#### [What to produce]
Reproduce the full listing as it stands. Images do not belong in the copy.

#### [Raw data]

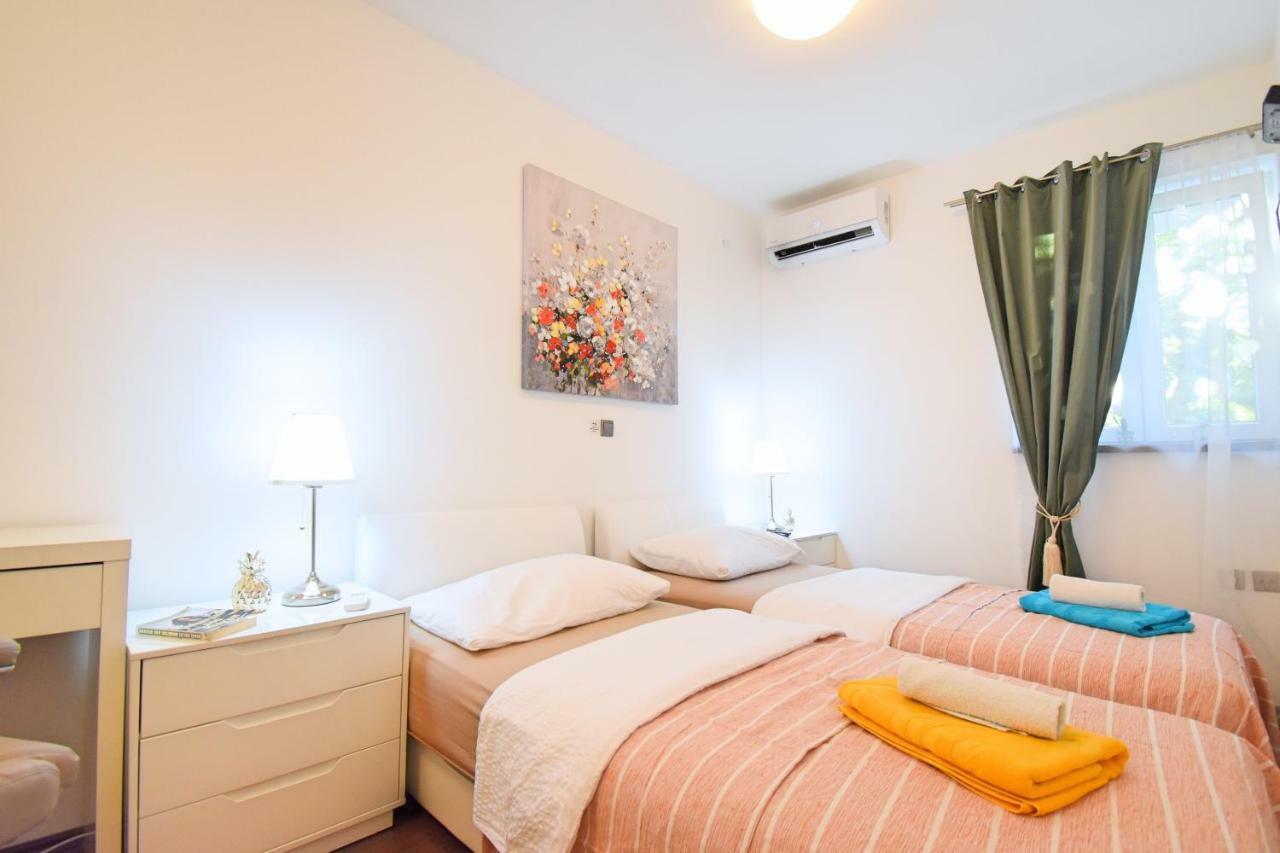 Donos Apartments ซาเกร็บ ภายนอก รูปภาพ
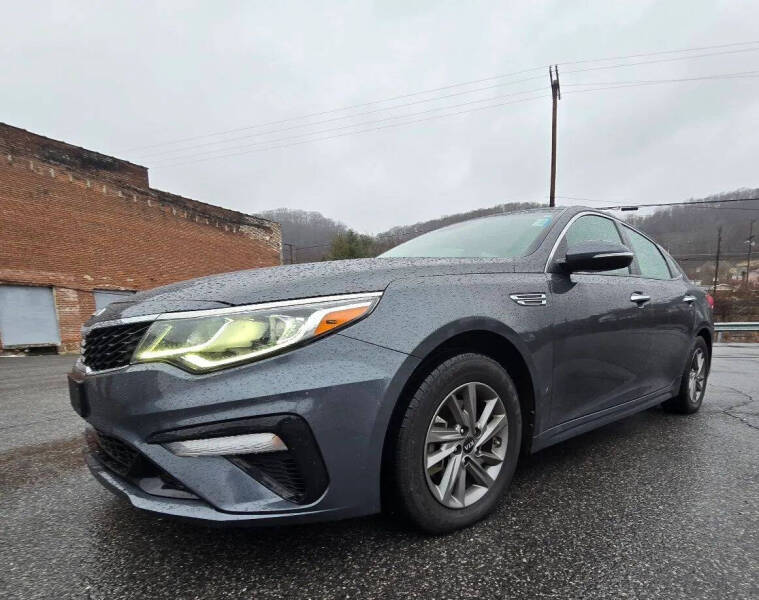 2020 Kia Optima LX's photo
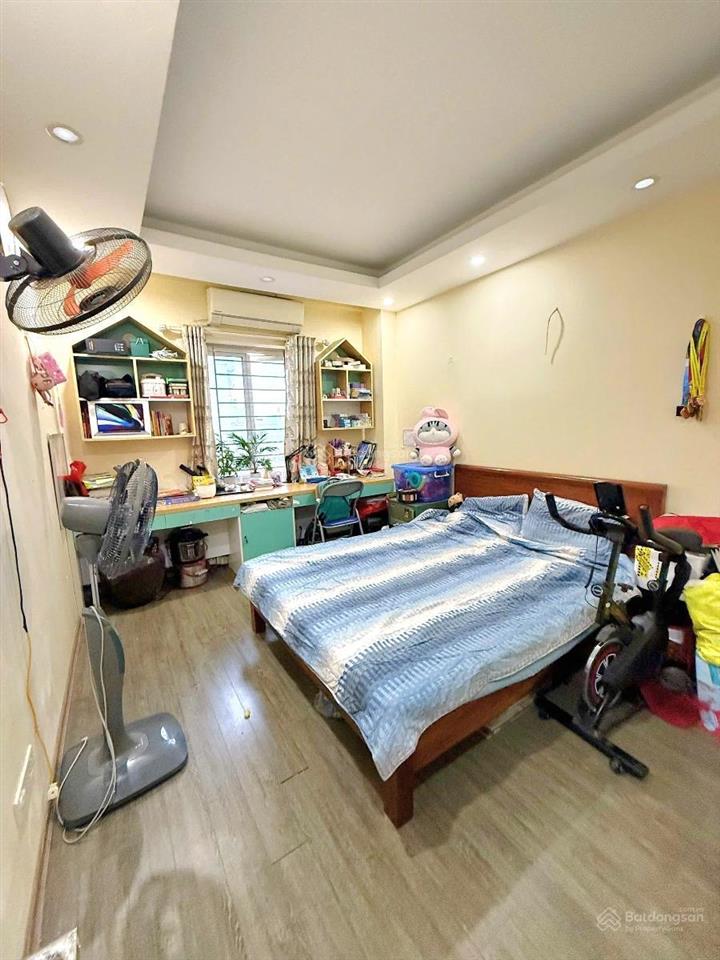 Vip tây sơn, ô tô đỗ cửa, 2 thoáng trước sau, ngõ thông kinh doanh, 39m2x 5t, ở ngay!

#### [Solution to this problem]
 Donos Apartments ซาเกร็บ ภายนอก รูปภาพ
 2020 Kia Optima LX's photo
 Vip tây sơn, ô tô đỗ cửa, 2 thoáng trước sau, ngõ thông kinh doanh, 39m2x 5t, ở ngay!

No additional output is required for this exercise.